An update that solves three vulnerabilities, contains one feature and has two security fixes can now be installed.

Description:

This update for dri3proto, presentproto, wayland-protocols, xwayland fixes the following issues:

Changes in presentproto:

  • update to version 1.4 (patch generated from xorgproto-2024.1 sources)

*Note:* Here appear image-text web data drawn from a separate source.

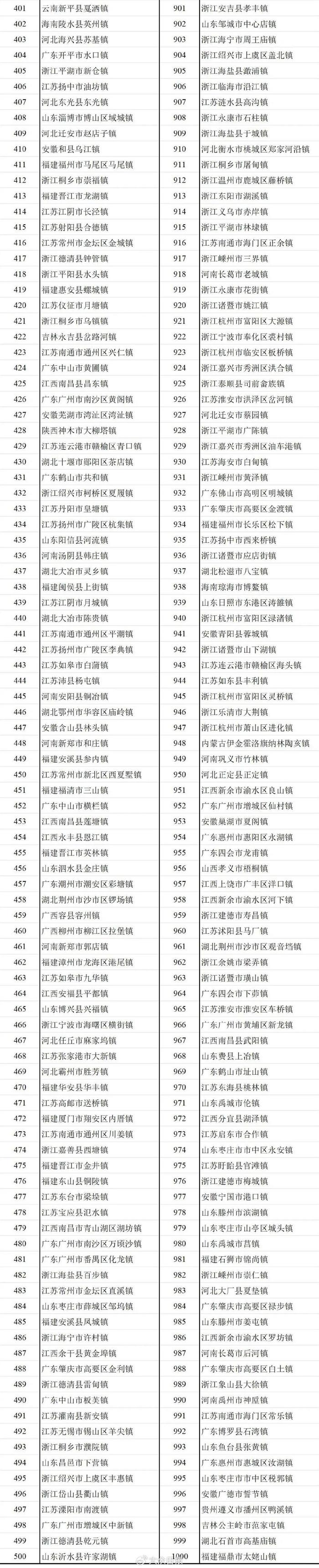 全国千强镇最新榜单发布，山东87个镇入选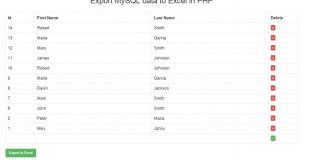 Export MySQL data to Excel in PHP – PHP Tutorial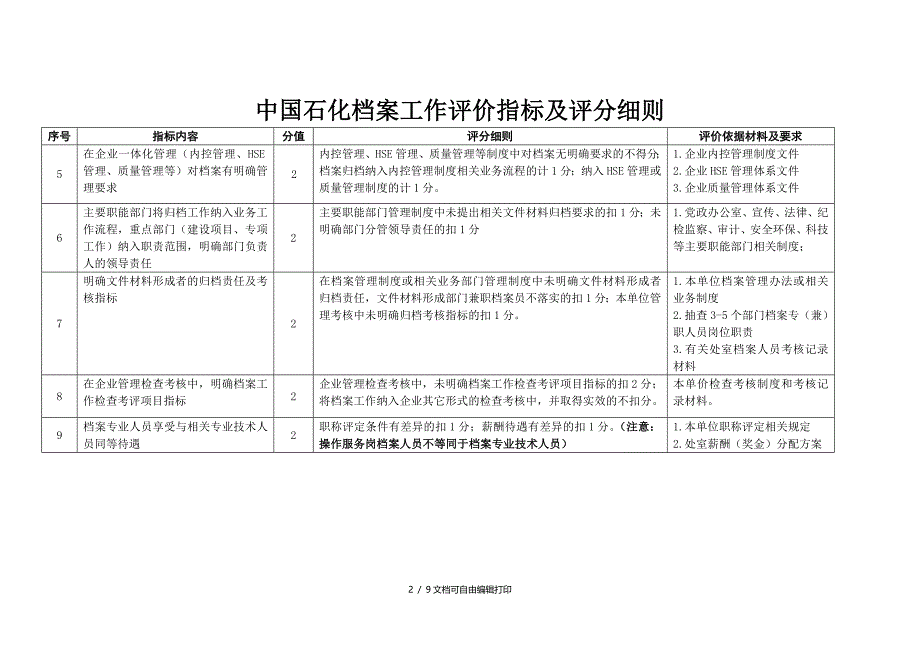 我国石化档案工作评价指标评分细则_第2页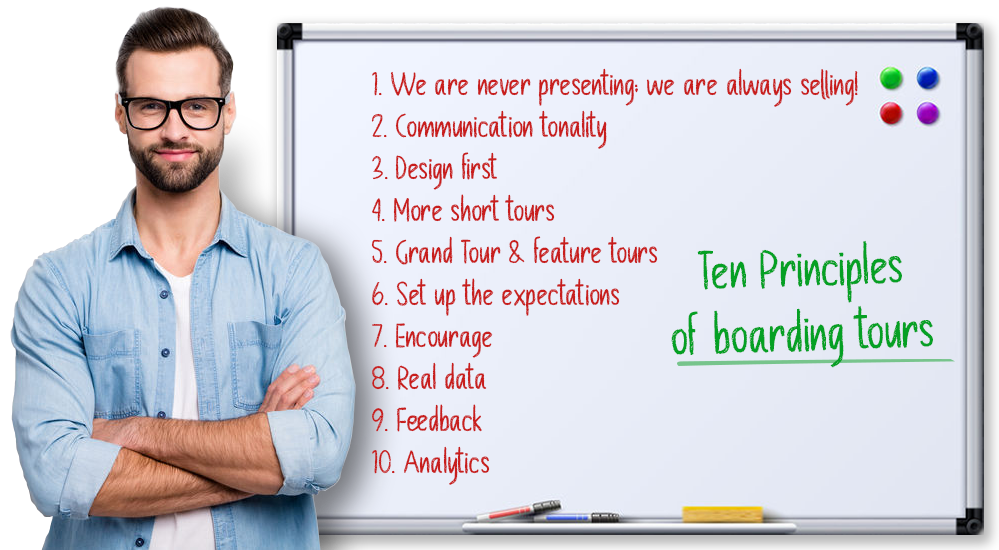 man in front of a white board with ten principles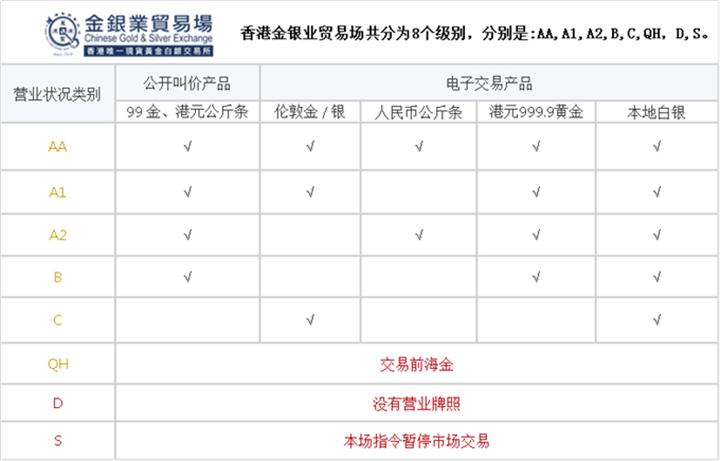 如何进行现货白银投资开户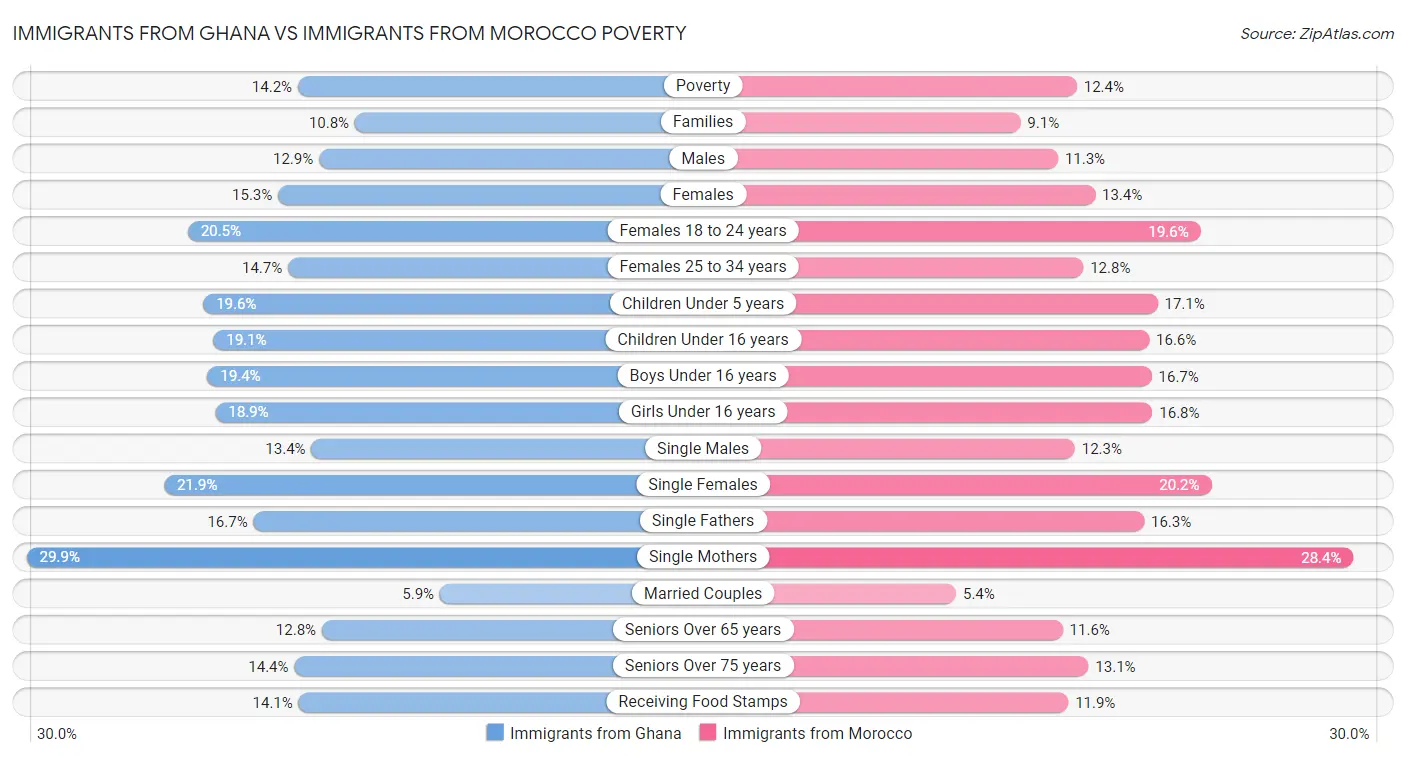Immigrants from Ghana vs Immigrants from Morocco Poverty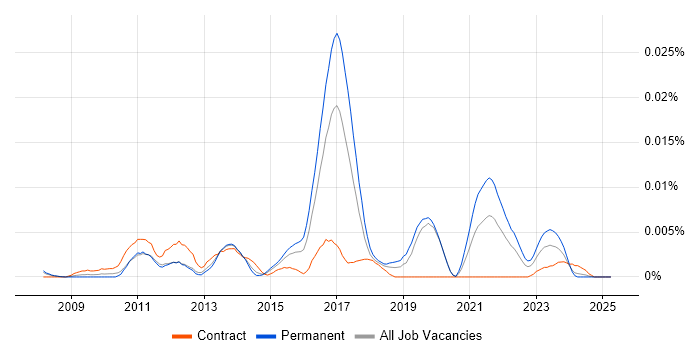 Job vacancy trend for mHealth in the UK Job vacancy trend for mHealth in the UK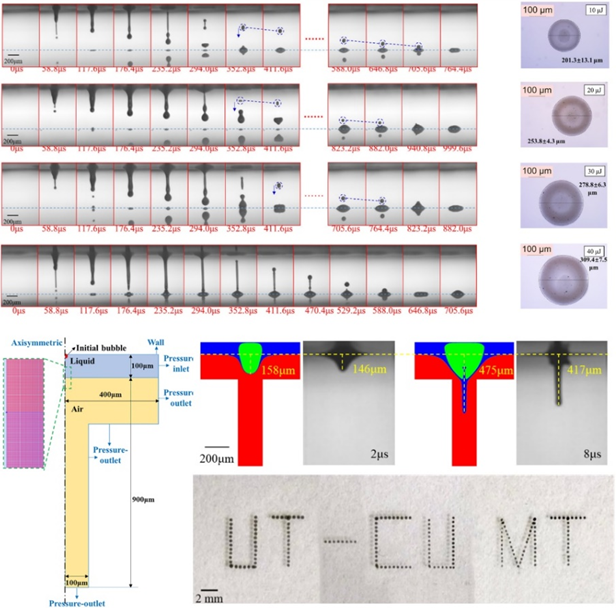 Optimized LIFT droplet printing based on CFD model (Qu, et al., 2021)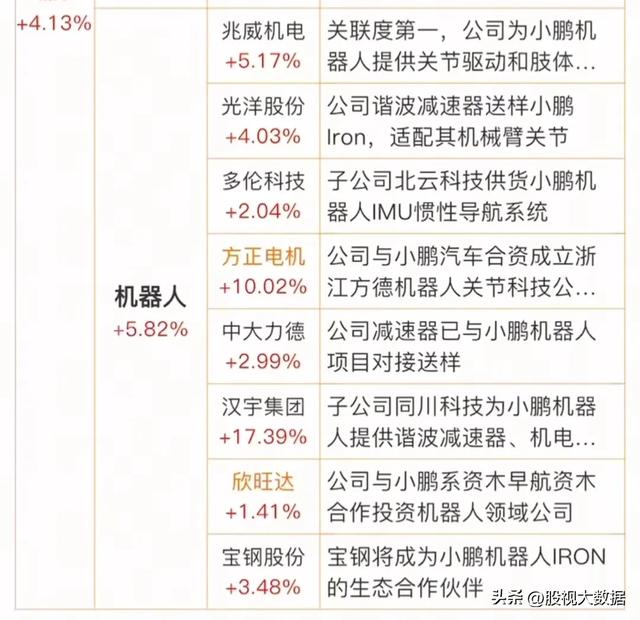 2025中国机器人产业发展大会即将召开,机器人产业链全龙头梳理!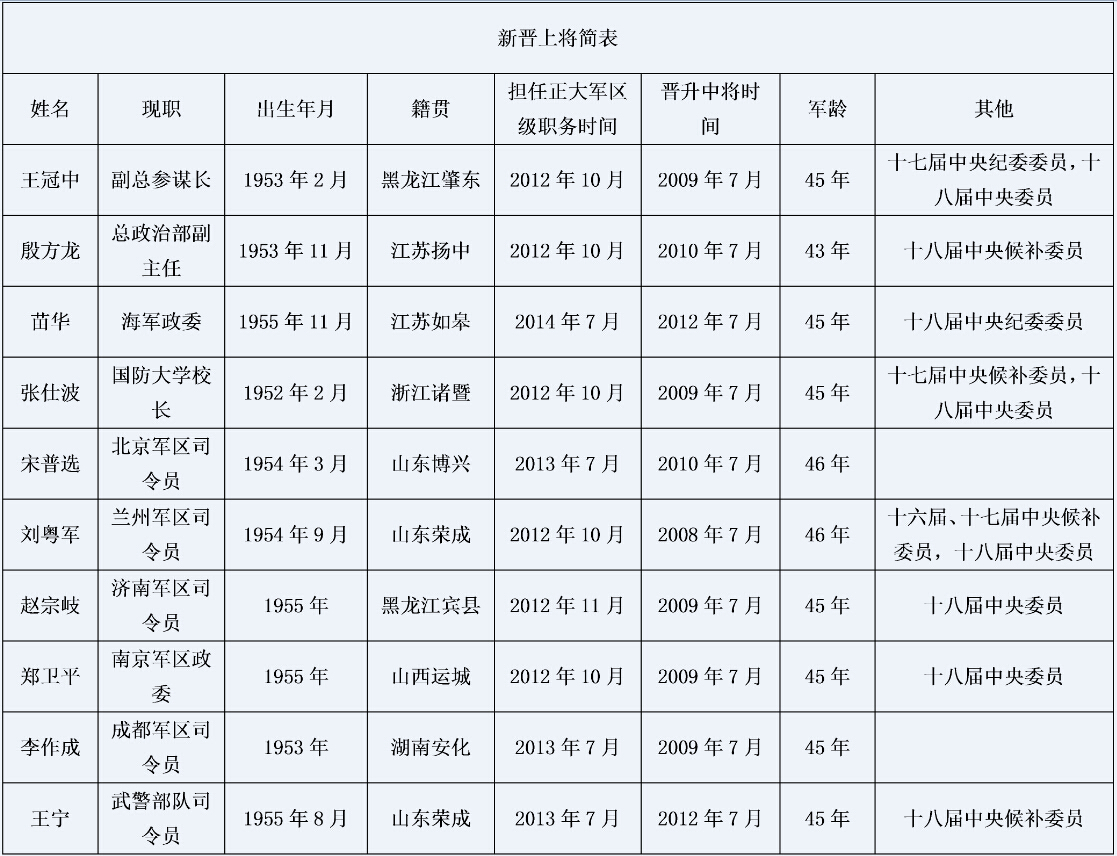 10人获中央军委晋升上将军衔警衔名单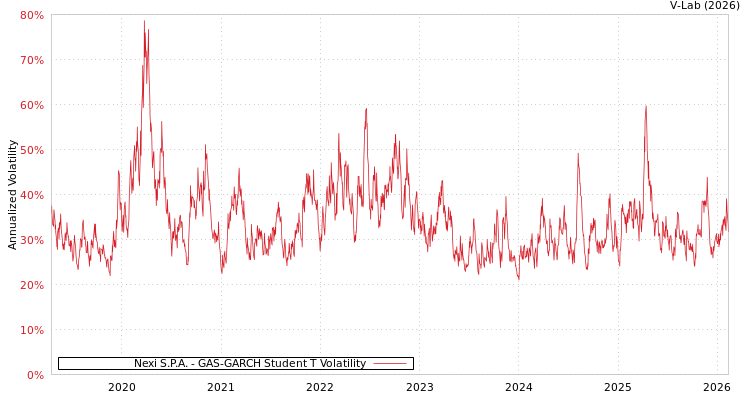 graph of Nexi S.P.A. GAS-GARCH-T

Changes in wayland-protocols:

  • Update to version 1.36:

  • xdg-dialog: fix missing namespace in protocol name

  • Changes from version 1.35:

  • cursor-shape-v1: Does not advertises the list of supported cursors

  • xdg-shell: add missing enum attribute to set_constraint_adjustment
  • xdg-shell: recommend against drawing decorations when tiled
  • tablet-v2: mark as stable

  • staging: add alpha-modifier protocol

  • Update to 1.36

  • Fix to the xdg dialog protocol

  • tablet-v2 protocol is now stable
  • alpha-modifier: new protocol
  • Bug fix to the cursor shape documentation

  • The xdg-shell protocol now also explicitly recommends against drawing decorations outside of the window geometry when tiled

  • Update to 1.34:

  • xdg-dialog: new protocol

  • xdg-toplevel-drag: new protocol
  • Fix typo in ext-foreign-toplevel-list-v1
  • tablet-v2: clarify that name/id events are optional
  • linux-drm-syncobj-v1: new protocol

  • linux-explicit-synchronization-v1: add linux-drm-syncobj note

  • Update to version 1.33:

  • xdg-shell: Clarify what a toplevel by default includes

  • linux-dmabuf: sync changes from unstable to stable
  • linux-dmabuf: require all planes to use the same modifier
  • presentation-time: stop referring to Linux/glibc
  • security-context-v1: Make sandbox engine names use reverse-DNS
  • xdg-decoration: remove ambiguous wording in configure event
  • xdg-decoration: fix configure event summary
  • linux-dmabuf: mark as stable
  • linux-dmabuf: add note about implicit sync
  • security-context-v1: Document what can be done with the open sockets
  • security-context-v1: Document out of band metadata for flatpak

Changes in dri3proto:

  • update to version 1.4 (patch generated from xorgproto-2024.1 sources)

Changes in xwayland:

  • Update to bugfix release 24.1.1 for the current stable 24.1 branch of Xwayland

  • xwayland: fix segment fault in xwl_glamor_gbm_init_main_dev

  • os: Explicitly include X11/Xmd.h for CARD32 definition to fix building on i686
  • present: On *BSD, epoll-shim is needed to emulate eventfd()
  • xwayland: Stop on first unmapped child
  • xwayland/window-buffers: Promote xwl_window_buffer
  • xwayland/window-buffers: Add xwl_window_buffer_release()
  • xwayland/glamor/gbm: Copy explicit sync code to GLAMOR/GBM
  • xwayland/window-buffers: Use synchronization from GLAMOR/GBM
  • xwayland/window-buffers: Do not always set syncpnts
  • xwayland/window-buffers: Move code to submit pixmaps
  • xwayland/window-buffers: Set syncpnts for all pixmaps
  • xwayland: Move xwl_window disposal to its own function
  • xwayland: Make sure we do not leak xwl_window on destroy
  • wayland/window-buffers: Move buffer disposal to its own function
  • xwayland/window-buffers: optionally force disposal
  • wayland: Force disposal of windows buffers for root on destroy
  • xwayland: Check for pointer in xwl_seat_leave_ptr()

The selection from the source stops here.